Personal information
- Nickname: Bread maker
- Born: 29 June 1995 (age 31) Bodelwyddan, Denbighshire, Wales
- Weight: Middleweight

Boxing career
- Stance: Southpaw

Boxing record
- Total fights: 22
- Wins: 18
- Win by KO: 2
- Losses: 2
- Draws: 2

= Gerome Warburton =

Welsh boxer (born 1995)

Gerome Warburton (born 29 June 1995) is a Welsh professional boxer. He has held the WBA Continental middleweight title since March 2026. Warburton is also a former Welsh middleweight champion and has challenged for the British and Commonwealth titles in the same weight division.

==Career==
A professional since 2019, Warburton won the vacant Welsh middleweight title with a 97–94 points win over Morgan Jones at LC2 in Swansea on 28 May 2022.

Almost exactly three years later on 17 May 2025, he challenged Commonwealth middleweight champion Kieron Conway at the Copper Box Arena in London, with the vacant British middleweight title also on the line. Warburton lost by stoppage in the fourth round.

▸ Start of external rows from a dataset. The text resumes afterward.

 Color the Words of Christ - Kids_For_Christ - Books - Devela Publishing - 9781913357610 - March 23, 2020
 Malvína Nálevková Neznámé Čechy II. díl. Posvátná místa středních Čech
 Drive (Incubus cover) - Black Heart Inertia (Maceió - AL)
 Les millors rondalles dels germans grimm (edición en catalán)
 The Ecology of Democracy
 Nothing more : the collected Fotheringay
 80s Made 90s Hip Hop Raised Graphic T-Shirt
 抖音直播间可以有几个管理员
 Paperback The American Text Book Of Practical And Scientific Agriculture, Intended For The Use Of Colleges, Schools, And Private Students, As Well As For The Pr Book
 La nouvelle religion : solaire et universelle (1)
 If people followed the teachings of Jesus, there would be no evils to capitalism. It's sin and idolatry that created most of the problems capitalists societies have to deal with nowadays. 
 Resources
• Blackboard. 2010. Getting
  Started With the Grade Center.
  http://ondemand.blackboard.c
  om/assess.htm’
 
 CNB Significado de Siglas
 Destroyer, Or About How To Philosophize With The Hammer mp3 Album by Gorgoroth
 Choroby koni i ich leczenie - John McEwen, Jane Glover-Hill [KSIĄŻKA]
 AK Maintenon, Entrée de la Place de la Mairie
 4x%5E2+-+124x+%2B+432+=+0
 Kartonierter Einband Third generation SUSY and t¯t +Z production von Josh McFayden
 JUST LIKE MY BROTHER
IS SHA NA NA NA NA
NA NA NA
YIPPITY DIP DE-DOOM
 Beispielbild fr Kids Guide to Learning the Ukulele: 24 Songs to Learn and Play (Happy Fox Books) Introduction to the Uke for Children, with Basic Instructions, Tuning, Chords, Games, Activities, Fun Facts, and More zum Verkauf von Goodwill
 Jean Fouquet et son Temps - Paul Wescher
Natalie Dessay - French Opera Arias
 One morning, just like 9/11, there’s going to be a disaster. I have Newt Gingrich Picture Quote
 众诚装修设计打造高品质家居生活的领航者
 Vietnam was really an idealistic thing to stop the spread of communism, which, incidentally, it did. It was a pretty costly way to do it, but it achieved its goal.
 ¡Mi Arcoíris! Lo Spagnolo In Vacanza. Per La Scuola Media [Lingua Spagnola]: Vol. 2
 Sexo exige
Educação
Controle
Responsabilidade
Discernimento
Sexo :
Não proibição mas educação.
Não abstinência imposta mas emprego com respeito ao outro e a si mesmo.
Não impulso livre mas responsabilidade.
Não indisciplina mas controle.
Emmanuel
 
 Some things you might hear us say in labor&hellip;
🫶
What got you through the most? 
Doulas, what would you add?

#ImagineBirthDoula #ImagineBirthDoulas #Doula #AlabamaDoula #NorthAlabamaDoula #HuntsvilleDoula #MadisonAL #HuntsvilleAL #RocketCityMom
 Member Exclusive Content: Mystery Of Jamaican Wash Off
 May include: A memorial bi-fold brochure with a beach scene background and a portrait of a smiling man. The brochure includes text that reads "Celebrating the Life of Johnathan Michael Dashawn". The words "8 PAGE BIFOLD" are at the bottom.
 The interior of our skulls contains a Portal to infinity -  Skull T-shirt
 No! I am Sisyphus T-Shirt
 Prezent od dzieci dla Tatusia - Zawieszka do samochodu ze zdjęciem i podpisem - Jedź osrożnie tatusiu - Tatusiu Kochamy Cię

Warburton was scheduled to face Nathan Heaney at Co-op Live Arena in Manchester on 24 January 2026. However, the fight was postponed when headliner, Moses Itauma, suffered an injury less than two weeks before the event, with the entire card being put back to take place at the same venue on 28 March 2026. When the bout eventually took place, Warburton won via unanimous decision claiming the vacant WBA Continental middleweight title in the process.

A rematch between Warburton and Heaney took place at bp pulse LIVE in Birmingham on 26 September 2026. Once again Warburton won by unanimous decision.